Yum! And I could totally do a vegetarian version for my hubby with fake bacon. SWEET!
Had trouble with the biscuits cooking all the way
I am sorry this happened. This does happen with crock-pots. Next time, add the biscuits last (on top) then you can make sure they are done.
Do you put the bacon in the crock pot raw?
Hi Staci, thanks for dropping by and leaving a comment. The bacon is cooked before adding it to the crockpot. It says cooked bacon in the ingredients.
Heidi
How big is the Crockpot you are using?
I have made this using both my 3qt, 4qt and 5 qt crock-pots.
If I were to cook this on low, how long would I need to cook it for? I would like to cook it over night and have it ready when we woke up.

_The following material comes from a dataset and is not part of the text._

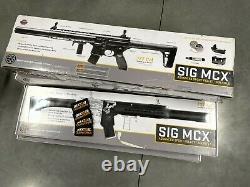 Certified SIG Sauer MCX. 177 Cal Air Rifle AIR-UD-MCX-177-BLK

oh gosh low you would double the time that it would be on high. I would be careful though as the biscuits might burn.
Can you use sausage and I need this to feed 25 people what is your suggestion?
yes you can substitute sausage, or a veggie one, or ham or whatever you like! And as far as 25 people, You will need a LOT of crock-pots. Or I would do it in the oven in pans. (oven time is half the time of crock-pot . High = 350 degrees) . Just if you do it this way, watch your time so you do not burn.

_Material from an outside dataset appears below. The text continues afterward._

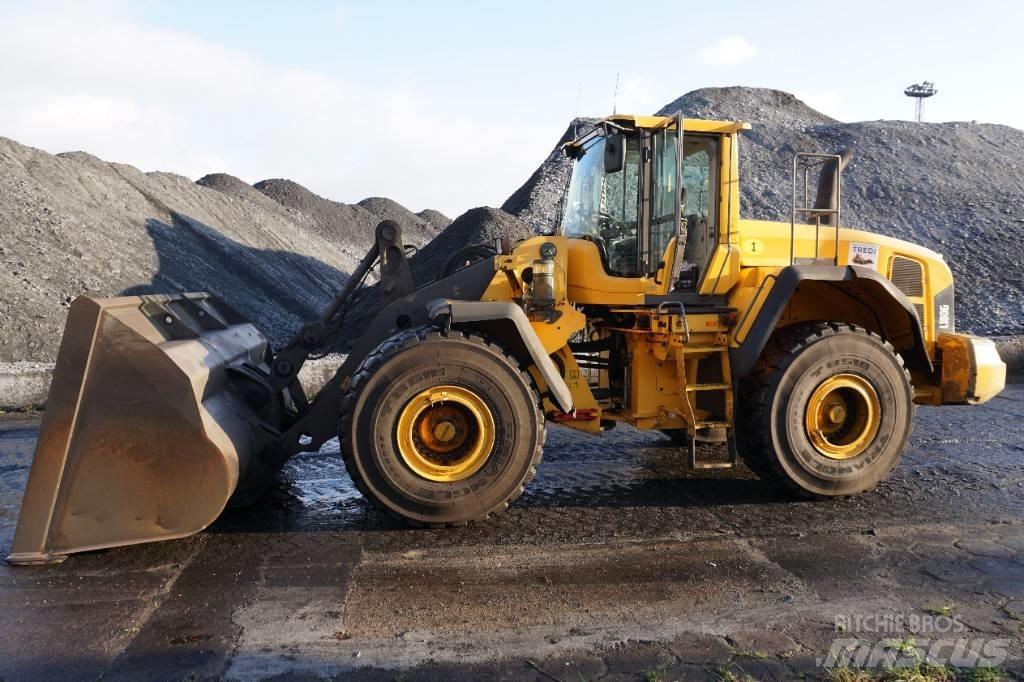 Volvo L180G Bj 2013' Pyöräkuormaajat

Hi! This sounds awesome! I’m needing to make this for 12 or 13 people (2 are toddlers and won’t eat too much) would I need to make this in 3 seperate crockpots or could I triple the recipe and time to cook and only use one?
I would do more than a double recipe in one crock-pot. Do at least 2 crock-pots. You can also switch it up and add more veggies to one and not the other.
Made this Christmas Morning. It was delicious. I put in diced Ham instead of beacon. My entire family loved it!!
So glad your family enjoyed this recipe for Christmas morning Stephanie! Ham is a great addition!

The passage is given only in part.